Dans le désendettement à « marche forcée » annoncé par François Hollande, un grain de sable pourrait suffire à gripper la machine gouvernementale. Dexia, la banque franco-belge sous garantie étatique, va devoir être recapitalisée à hauteur de 5,5 milliards d’euros, dont une injection de 2,6 milliards par l’Etat français. Problème: cette charge exceptionnelle, annoncée la semaine dernière, n’a pas été prise en compte par Bercy dans le calcul du déficit public pour 2012.
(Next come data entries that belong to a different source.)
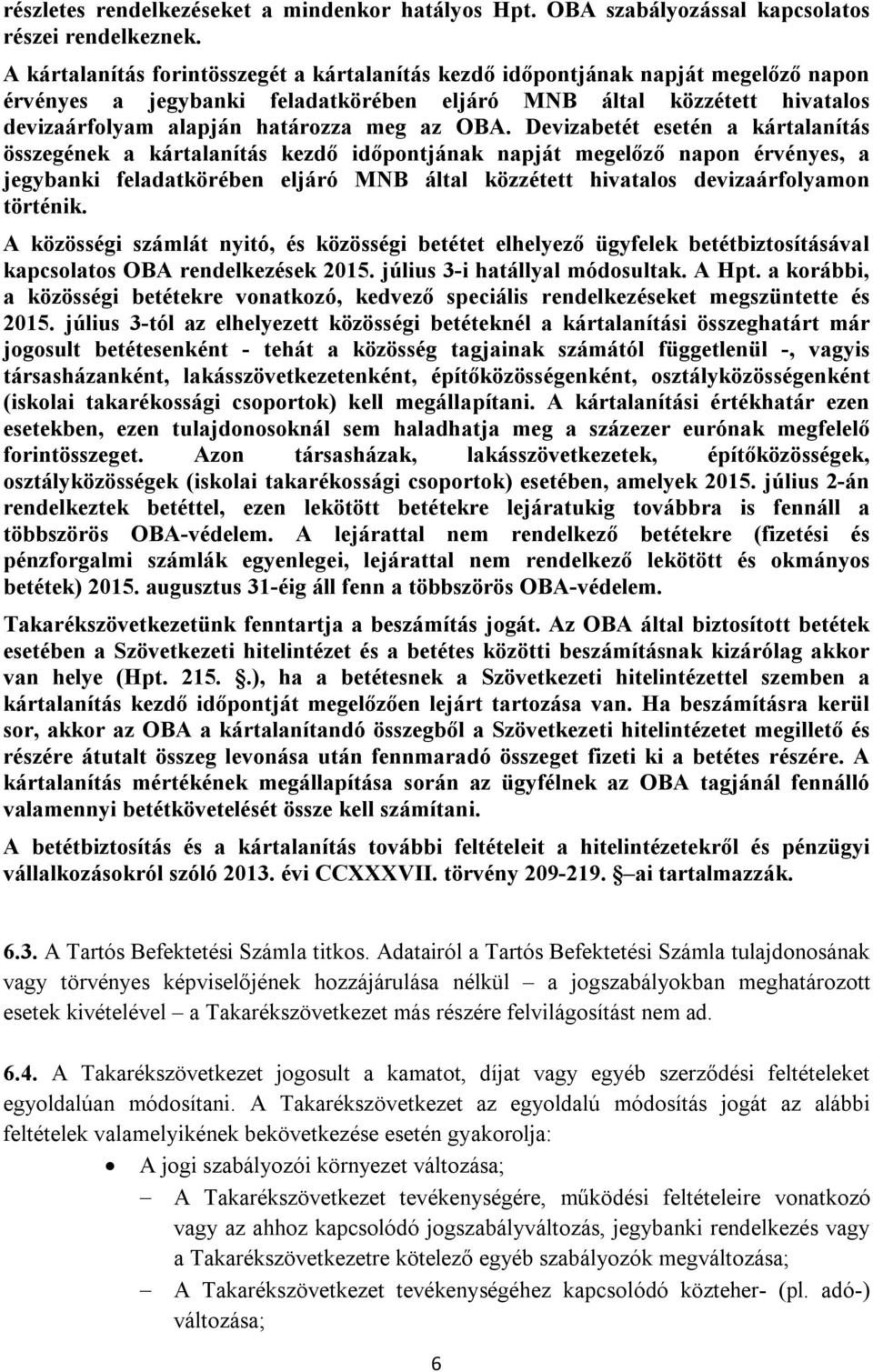 OBA. Devizabetét esetén a kártalanítás összegének a kártalanítás kezdő időpontjának napját megelőző napon érvényes, a jegybanki feladatkörében eljáró MNB által közzétett hivatalos devizaárfolyamon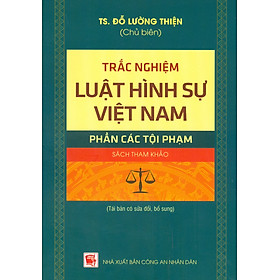 Hình ảnh Trắc Nghiệm Luật Hình Sự Việt Nam - Phần Các Tội Phạm (Sách tham khảo; Tái bản có sửa chữa, bổ sung)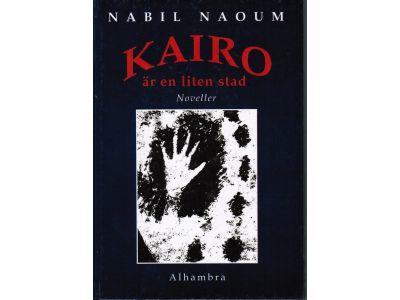 Nabil Naoum : Kairo är en liten stad. Noveller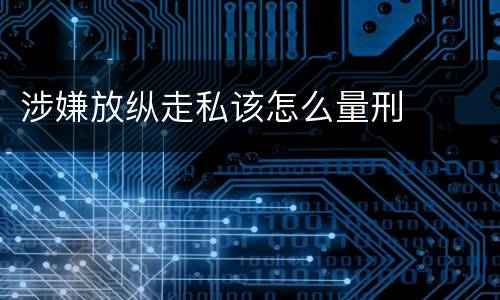 涉嫌放纵走私该怎么量刑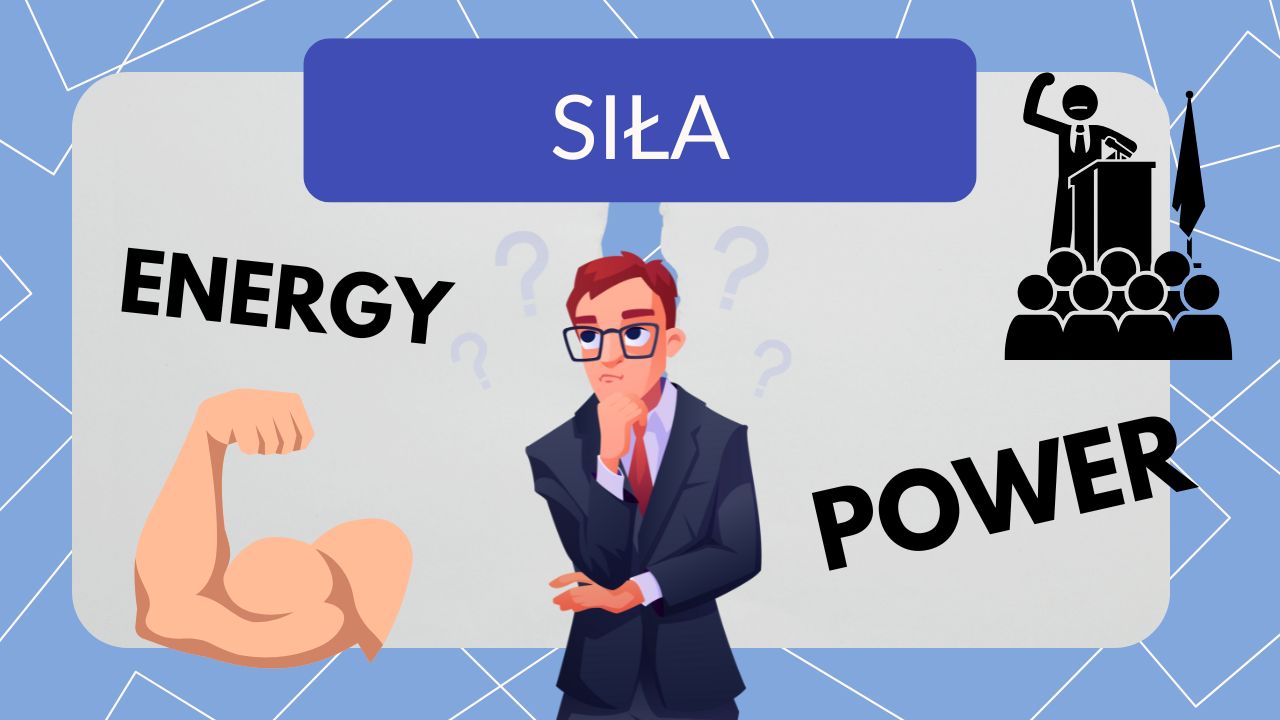 POWER / ENERGY – siła: różnice, użycie i typowe błędy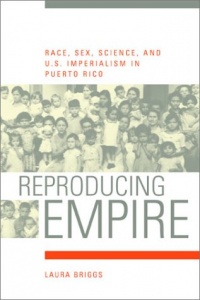 Reproducing Empire: Race, Sex, Science, and U.S. Imperialism in Puerto Rico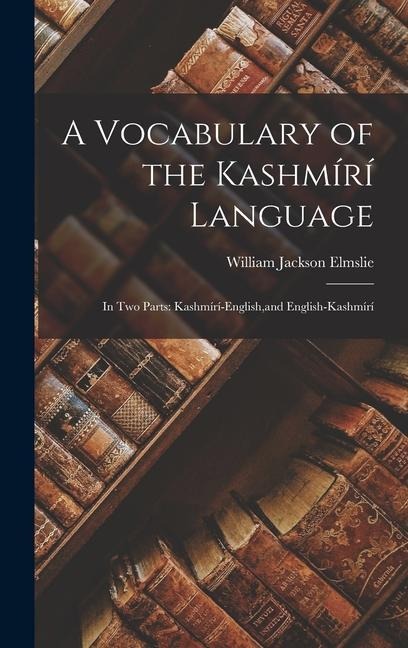 A Vocabulary of the Kashmírí Language: In Two Parts: Kashmírí-English, and English-Kashmírí - William Jackson Elmslie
D’après le troisième projet de loi de finances rectificatives pour 2012 présenté aujourd’hui en conseil des ministres, le déficit budgétaire devrait s’élever à 83,6 milliards d'euros cette année, soit 4,5% du PIB comme le gouvernement s’y était engagé. Mais cet objectif est « maintenu » uniquement « hors opération exceptionnelle de recapitalisation de Dexia », précise le ministère de l'Economie et des Finances. Bercy s’en remet à la décision de l’Office européen de statistiques (Eurostat) sur le traitement comptable de l’opération. Son verdict est attendu d'ici un mois. Au cas où Eurostat déciderait que la France doit imputer cette opération sur son déficit 2012, ce dernier serait aggravé de 0,1 point de PIB, précise Bercy. Autrement dit la France ne remplirait pas son engagement de réduire le déficit à 4,5% cette année, mais serait juste au-dessus (4,6%).
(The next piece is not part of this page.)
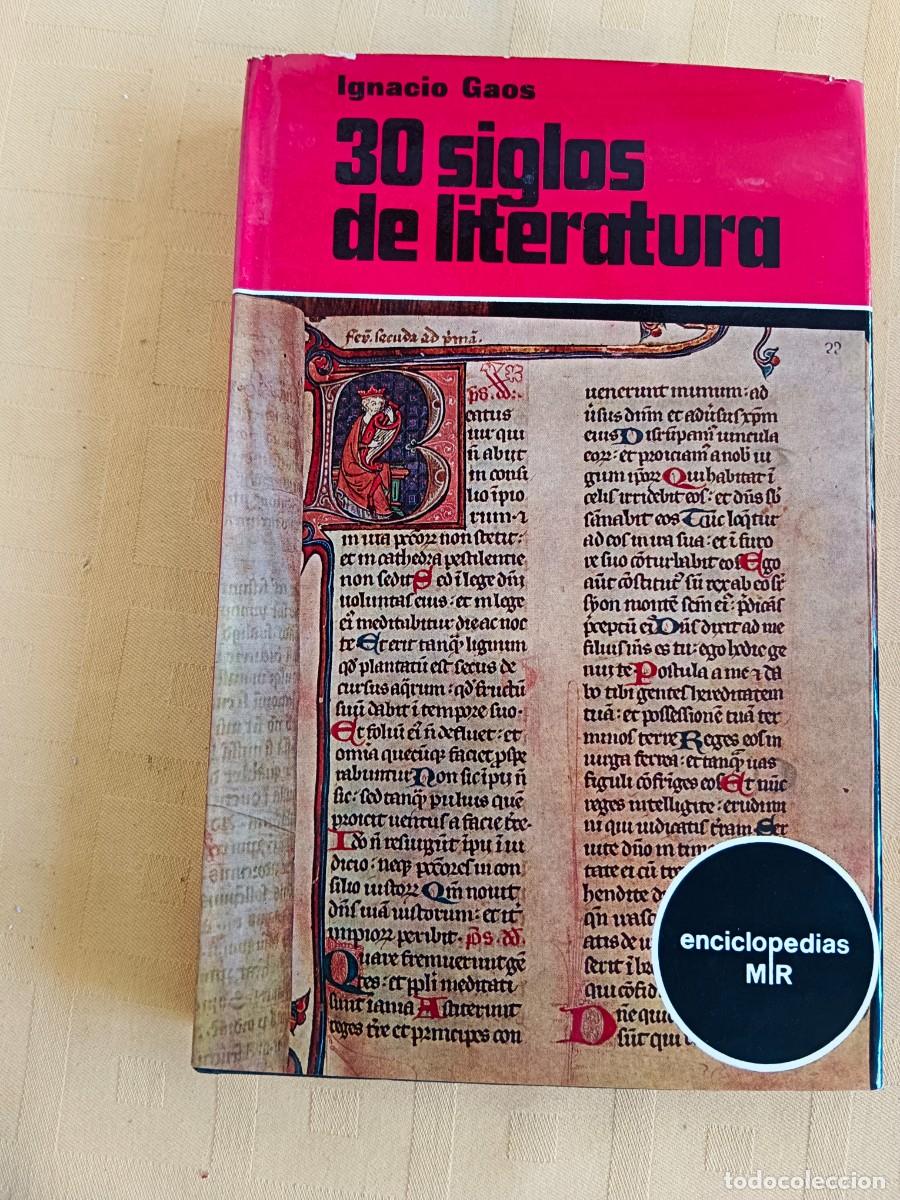 Libros de segunda mano: 30 SIGLOS DE LITERATURA - Ignacio Gaos - Foto 1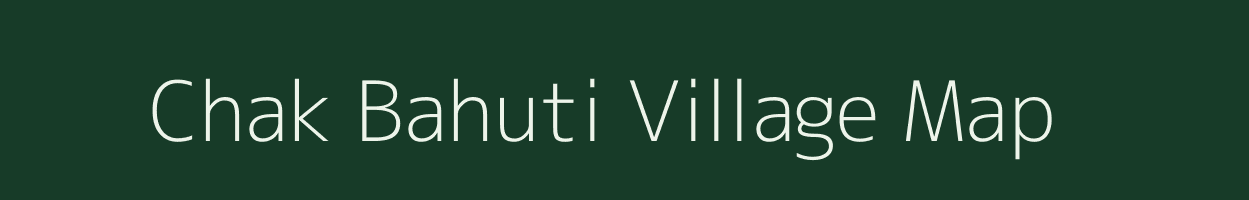 Chak Bahuti village map in Uttar Pradesh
Bercy a beau affirmer que l'année 2012 sera marquée par « une maîtrise historique » des dépenses de l'Etat, en baisse de 200 millions par rapport à 2011, une déviation même minime par rapport à l'objectif de déficit ferait tâche.
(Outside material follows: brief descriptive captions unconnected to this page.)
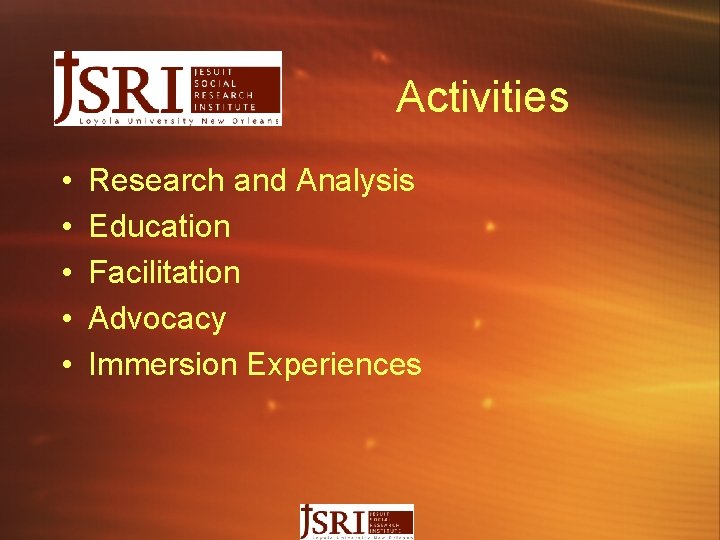 Activities • • • Research and Analysis Education Facilitation Advocacy Immersion Experiences 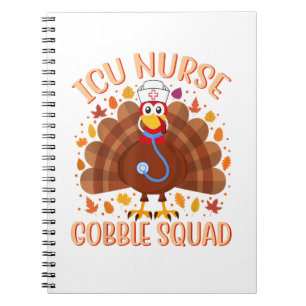 ICU Nurse Gobble Squad Women Men ICU Nurse Thanksg Notebook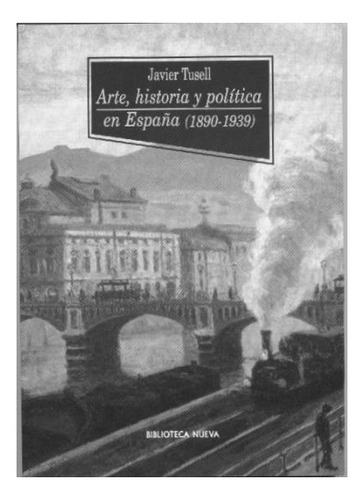Libro Arte Historia Y Politica En Espana 1890 1939 De Tusel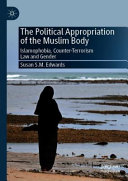 The Political Appropriation of the Muslim Body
D'autant que les vraies difficultés sont à venir. Hier lors de sa première conférence de presse à l’Elysée, François Hollande a insisté sur la nécessité de réduire les dépenses publiques dans des proportions beaucoup plus importantes au cours des prochaines années. « Nous devons être capables de faire mieux, en dépensant moins » a-t-il indiqué. L’objectif d’un retour à l’équilibre des finances publiques en 2017 implique d’économiser au moins 10 milliards d’euros chaque année. C’est ce qui est prévu pour 2013, avec l’objectif de ramener le déficit à 3% du PIB. Tout en réaffirmant cet objectif, M. Hollande a d'ores et déjà demandé de la « souplesse » à ses partenaires européens, conscient du défi qui l’attend au vu des derniers indicateurs économiques. La rigueur, c'est maintenant.